Le ministre s’était pourvu en cassation contre l’arrêt par lequel la Cour administrative d’appel de Versailles avait rejeté son recours contre le jugement du Tribunal administratif de Montreuil ayant prononcé la décharge des impositions supplémentaires auxquelles la société venant aux droits de la SCA avait été conséquemment assujettie.

Il soutenait que, pour l’appréciation du seuil de détention de 95 % des droits de vote, prévu par les dispositions des articles 223 A et 46 quater-0 ZF du CGI, il convenait, lorsque la société intégrée est une SCA, de prendre en compte à la fois les actions détenues par les commanditaires et, directement ou indirectement, les parts sociales des commandités.

Le Conseil d’Etat a dû répondre à la question de savoir s’il convient de prendre en compte à la fois les actions détenues par les commanditaires et les parts sociales des commandités, lorsque la société intégrée est une SCA, pour l’appréciation du seuil de détention de 95 % des droits de vote, prévu par les dispositions des articles 223 A et 46 quater-0 ZF du CGI.

La haute juridiction administrative a répondu en jugeant que l’administration fiscale ne pouvait légalement exclure la SCA du groupe fiscal intégré dont la SA était la tête au motif que cette dernière aurait disposé de moins de 95 % des droits de vote au sein de la commanditée de la SCA.

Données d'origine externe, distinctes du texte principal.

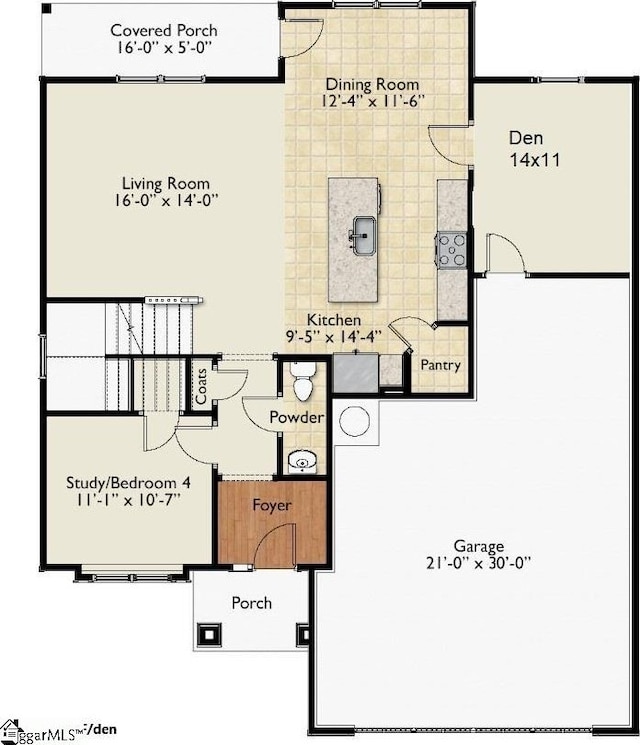 213 Fenner Pl, Greenville, SC 29607 - floor plan / room layout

Une société en commandite par actions comprend deux types d’associés :

  • d’une part, les commanditaires qui sont les actionnaires de la société et ne sont responsables des dettes qu’à concurrence de leur participation au capital,
  • d’autre part, les commandités qui, nommés par les commanditaires, ont le statut de commerçants, et sont indéfiniment et solidairement responsables des dettes sur leurs biens propres.

Il doit y avoir au minimum un commandité et trois commanditaires, l’administration de la SCA est assurée par des gérants, qui sont nommés par les commanditaires avec l’accord des et ceux-ci contrôlés par un conseil de surveillance composé de commanditaires.

L’argumentation de l’administration est fondée sur l’article 46 quater 0 ZF disposant au moment des faits :

« Pour l’application des dispositions de l’article 223 A du code général des impôts, la détention de 95 p. 100 au moins du capital d’une société s’entend de la détention en pleine propriété de 95 p. 100 au moins des droits à dividendes et de 95 p. 100 au moins des droits de vote attachés aux titres émis par cette société ».

Cependant, selon l’article L226-1 du Code de commerce seuls les commanditaires sont titulaires de la qualité d’actionnaires au sein d’une SCA. En effet, ce texte prévoit :

« La société en commandite par actions, dont le capital est divisé en actions, est constituée entre un ou plusieurs commandités, qui ont la qualité de commerçant (…) et des commanditaires, qui ont la qualité d’actionnaires (…). »

Dès lors les actions composant exclusivement le capital d’une SCA, sont détenues par les seuls commanditaires.

En outre, seuls les commanditaires actionnaires d’une SCA, à l’exclusion des commandités, participent aux votes des assemblées générales et peuvent être membres du conseil de surveillance.

Il en résulte donc que l’appréciation du seuil requis par l’article 46 quater-0 ZF du CGI ne peut s’effectuer qu’au niveau des commanditaires et non des commandités.